■ WHAT IS BEING ASKED: Only the lines from the one containing "九套苹果型女孩的平价海边穿搭" to the end of the listing below are wanted, repeated exactly.

(Beginning of PROVIDED MATERIAL)

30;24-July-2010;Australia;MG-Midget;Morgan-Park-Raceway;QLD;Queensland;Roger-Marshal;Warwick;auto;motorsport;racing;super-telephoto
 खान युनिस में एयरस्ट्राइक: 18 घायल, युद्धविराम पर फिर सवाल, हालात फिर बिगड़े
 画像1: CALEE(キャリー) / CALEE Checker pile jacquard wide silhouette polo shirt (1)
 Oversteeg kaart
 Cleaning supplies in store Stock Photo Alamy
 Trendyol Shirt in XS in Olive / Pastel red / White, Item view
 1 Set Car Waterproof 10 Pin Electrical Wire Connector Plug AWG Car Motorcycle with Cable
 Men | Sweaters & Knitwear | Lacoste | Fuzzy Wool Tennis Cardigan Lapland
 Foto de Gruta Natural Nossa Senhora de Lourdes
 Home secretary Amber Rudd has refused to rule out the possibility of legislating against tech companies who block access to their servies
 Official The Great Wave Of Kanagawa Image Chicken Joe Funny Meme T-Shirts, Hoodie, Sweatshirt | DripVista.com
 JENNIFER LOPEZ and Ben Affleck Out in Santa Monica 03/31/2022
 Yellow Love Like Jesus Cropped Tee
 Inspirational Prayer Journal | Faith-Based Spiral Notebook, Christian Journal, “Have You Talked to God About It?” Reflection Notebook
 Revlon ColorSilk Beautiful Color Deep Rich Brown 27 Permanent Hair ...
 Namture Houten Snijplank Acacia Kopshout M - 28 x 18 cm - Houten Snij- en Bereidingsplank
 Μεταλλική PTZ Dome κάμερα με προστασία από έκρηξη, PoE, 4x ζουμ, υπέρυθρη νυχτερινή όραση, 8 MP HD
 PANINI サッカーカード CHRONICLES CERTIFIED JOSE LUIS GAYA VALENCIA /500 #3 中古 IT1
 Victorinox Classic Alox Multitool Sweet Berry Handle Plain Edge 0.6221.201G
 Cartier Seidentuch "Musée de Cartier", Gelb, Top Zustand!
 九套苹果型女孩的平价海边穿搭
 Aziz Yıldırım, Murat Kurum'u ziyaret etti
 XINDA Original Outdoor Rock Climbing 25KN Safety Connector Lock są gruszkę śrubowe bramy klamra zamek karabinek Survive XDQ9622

(End of PROVIDED MATERIAL)

■ RESPONSE TO THE EXERCISE:
 九套苹果型女孩的平价海边穿搭
 Aziz Yıldırım, Murat Kurum'u ziyaret etti
 XINDA Original Outdoor Rock Climbing 25KN Safety Connector Lock są gruszkę śrubowe bramy klamra zamek karabinek Survive XDQ9622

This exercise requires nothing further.